Begin with the first line of the listing and quote every line through the one containing "2021 TOYOTA HIGHLANDER"; give only those lines.

*** Input records Section Begins ***

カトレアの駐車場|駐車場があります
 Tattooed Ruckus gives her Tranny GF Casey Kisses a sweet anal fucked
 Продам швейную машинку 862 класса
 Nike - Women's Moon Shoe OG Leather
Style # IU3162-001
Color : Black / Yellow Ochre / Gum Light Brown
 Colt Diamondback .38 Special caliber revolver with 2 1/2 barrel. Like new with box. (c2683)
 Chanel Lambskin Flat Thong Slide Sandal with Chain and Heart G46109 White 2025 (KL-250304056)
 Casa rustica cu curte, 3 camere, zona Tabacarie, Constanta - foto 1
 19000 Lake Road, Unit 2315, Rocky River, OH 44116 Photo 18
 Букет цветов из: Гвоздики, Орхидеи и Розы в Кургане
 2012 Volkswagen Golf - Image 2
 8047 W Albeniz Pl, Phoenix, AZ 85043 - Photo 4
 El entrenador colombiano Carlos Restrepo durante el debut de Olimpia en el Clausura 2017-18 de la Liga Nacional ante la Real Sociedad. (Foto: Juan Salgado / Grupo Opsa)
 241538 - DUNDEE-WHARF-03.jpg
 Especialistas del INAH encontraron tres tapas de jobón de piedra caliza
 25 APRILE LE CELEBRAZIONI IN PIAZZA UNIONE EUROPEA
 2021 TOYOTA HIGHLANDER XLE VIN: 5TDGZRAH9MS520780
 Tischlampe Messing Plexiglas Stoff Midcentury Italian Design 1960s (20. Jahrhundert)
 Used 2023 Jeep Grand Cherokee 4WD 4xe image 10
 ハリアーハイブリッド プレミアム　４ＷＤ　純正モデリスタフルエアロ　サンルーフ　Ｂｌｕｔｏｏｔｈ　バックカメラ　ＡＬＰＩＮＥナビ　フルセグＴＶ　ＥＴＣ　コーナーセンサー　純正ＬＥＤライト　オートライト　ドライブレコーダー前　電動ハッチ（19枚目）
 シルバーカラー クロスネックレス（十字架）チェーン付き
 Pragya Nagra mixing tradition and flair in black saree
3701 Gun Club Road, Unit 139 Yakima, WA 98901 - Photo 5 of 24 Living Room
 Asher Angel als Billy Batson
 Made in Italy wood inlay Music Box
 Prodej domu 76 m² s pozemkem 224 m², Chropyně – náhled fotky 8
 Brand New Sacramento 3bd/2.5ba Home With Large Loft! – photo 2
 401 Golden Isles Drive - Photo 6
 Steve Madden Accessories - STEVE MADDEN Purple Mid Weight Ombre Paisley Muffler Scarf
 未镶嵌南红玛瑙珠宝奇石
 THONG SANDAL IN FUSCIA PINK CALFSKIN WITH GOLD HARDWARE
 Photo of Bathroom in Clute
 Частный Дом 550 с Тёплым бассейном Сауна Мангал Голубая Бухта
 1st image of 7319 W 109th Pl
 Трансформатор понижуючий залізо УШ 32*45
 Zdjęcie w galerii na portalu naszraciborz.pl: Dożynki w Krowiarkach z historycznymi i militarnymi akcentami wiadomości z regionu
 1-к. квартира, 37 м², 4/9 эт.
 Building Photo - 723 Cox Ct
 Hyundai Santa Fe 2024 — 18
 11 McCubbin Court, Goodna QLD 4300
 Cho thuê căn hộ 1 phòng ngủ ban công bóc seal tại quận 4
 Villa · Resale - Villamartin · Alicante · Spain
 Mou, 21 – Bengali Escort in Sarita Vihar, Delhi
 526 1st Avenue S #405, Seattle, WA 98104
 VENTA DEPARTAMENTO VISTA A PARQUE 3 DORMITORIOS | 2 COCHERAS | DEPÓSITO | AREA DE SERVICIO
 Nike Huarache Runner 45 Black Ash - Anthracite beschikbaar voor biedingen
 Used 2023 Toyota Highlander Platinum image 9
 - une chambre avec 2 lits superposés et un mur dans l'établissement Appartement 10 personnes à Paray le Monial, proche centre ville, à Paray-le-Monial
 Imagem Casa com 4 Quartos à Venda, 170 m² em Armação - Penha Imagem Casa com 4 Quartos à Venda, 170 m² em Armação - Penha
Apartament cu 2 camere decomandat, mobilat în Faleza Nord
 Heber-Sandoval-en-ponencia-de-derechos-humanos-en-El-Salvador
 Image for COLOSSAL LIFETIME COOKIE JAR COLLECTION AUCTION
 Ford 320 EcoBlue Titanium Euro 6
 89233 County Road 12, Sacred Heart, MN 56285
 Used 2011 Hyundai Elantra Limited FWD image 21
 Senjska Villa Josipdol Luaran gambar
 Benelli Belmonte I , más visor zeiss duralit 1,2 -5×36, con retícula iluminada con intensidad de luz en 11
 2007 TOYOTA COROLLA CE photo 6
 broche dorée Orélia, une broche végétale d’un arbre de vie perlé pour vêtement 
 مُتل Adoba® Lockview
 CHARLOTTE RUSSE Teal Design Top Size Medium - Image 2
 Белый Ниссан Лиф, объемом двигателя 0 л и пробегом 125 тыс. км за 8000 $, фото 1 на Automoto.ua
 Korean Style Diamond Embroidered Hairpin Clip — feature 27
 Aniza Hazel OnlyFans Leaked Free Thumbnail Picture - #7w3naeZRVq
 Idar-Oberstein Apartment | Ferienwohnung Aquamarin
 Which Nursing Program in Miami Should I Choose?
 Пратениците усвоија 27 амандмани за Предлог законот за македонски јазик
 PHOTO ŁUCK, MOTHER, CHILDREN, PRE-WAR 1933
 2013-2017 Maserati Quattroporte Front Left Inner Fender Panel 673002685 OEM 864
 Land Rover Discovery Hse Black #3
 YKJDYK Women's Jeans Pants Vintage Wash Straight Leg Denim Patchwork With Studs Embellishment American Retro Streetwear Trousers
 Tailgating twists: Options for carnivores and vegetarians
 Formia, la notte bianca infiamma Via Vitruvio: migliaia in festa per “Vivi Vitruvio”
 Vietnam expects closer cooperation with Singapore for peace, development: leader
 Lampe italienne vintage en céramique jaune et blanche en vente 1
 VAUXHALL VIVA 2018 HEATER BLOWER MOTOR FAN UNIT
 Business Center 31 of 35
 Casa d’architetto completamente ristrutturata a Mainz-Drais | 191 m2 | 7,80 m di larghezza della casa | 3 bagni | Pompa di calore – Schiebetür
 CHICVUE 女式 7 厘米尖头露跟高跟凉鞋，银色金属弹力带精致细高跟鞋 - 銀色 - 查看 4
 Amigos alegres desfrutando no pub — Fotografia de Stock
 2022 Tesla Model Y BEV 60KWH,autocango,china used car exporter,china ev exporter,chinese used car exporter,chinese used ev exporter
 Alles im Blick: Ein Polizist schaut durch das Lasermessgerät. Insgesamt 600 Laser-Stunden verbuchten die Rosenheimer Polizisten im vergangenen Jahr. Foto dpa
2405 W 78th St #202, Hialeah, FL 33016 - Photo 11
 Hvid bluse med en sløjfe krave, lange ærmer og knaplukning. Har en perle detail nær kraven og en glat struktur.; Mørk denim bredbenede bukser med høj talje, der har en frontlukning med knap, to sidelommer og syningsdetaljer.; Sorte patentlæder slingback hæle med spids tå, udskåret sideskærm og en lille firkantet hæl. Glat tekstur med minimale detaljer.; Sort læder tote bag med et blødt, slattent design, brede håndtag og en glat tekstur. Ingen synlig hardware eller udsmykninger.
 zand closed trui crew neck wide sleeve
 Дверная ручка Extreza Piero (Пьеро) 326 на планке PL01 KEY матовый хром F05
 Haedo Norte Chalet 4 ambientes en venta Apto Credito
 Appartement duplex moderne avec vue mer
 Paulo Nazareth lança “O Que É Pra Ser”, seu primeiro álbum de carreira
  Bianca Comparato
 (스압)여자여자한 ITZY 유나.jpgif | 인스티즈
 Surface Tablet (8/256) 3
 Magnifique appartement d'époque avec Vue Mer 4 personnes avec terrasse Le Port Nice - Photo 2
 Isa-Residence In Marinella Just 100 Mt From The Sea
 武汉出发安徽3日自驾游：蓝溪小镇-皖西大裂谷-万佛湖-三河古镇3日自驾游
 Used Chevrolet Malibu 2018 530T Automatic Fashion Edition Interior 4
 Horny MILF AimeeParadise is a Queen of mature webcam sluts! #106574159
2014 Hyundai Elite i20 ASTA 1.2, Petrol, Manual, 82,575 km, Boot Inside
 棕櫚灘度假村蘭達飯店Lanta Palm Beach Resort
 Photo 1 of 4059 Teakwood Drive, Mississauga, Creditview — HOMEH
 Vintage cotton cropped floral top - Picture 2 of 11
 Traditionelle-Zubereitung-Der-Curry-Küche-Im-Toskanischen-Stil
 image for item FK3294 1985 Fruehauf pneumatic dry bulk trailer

*** Input records Section Ends ***

#### Result for this task:
カトレアの駐車場|駐車場があります
 Tattooed Ruckus gives her Tranny GF Casey Kisses a sweet anal fucked
 Продам швейную машинку 862 класса
 Nike - Women's Moon Shoe OG Leather
Style # IU3162-001
Color : Black / Yellow Ochre / Gum Light Brown
 Colt Diamondback .38 Special caliber revolver with 2 1/2 barrel. Like new with box. (c2683)
 Chanel Lambskin Flat Thong Slide Sandal with Chain and Heart G46109 White 2025 (KL-250304056)
 Casa rustica cu curte, 3 camere, zona Tabacarie, Constanta - foto 1
 19000 Lake Road, Unit 2315, Rocky River, OH 44116 Photo 18
 Букет цветов из: Гвоздики, Орхидеи и Розы в Кургане
 2012 Volkswagen Golf - Image 2
 8047 W Albeniz Pl, Phoenix, AZ 85043 - Photo 4
 El entrenador colombiano Carlos Restrepo durante el debut de Olimpia en el Clausura 2017-18 de la Liga Nacional ante la Real Sociedad. (Foto: Juan Salgado / Grupo Opsa)
 241538 - DUNDEE-WHARF-03.jpg
 Especialistas del INAH encontraron tres tapas de jobón de piedra caliza
 25 APRILE LE CELEBRAZIONI IN PIAZZA UNIONE EUROPEA
 2021 TOYOTA HIGHLANDER XLE VIN: 5TDGZRAH9MS520780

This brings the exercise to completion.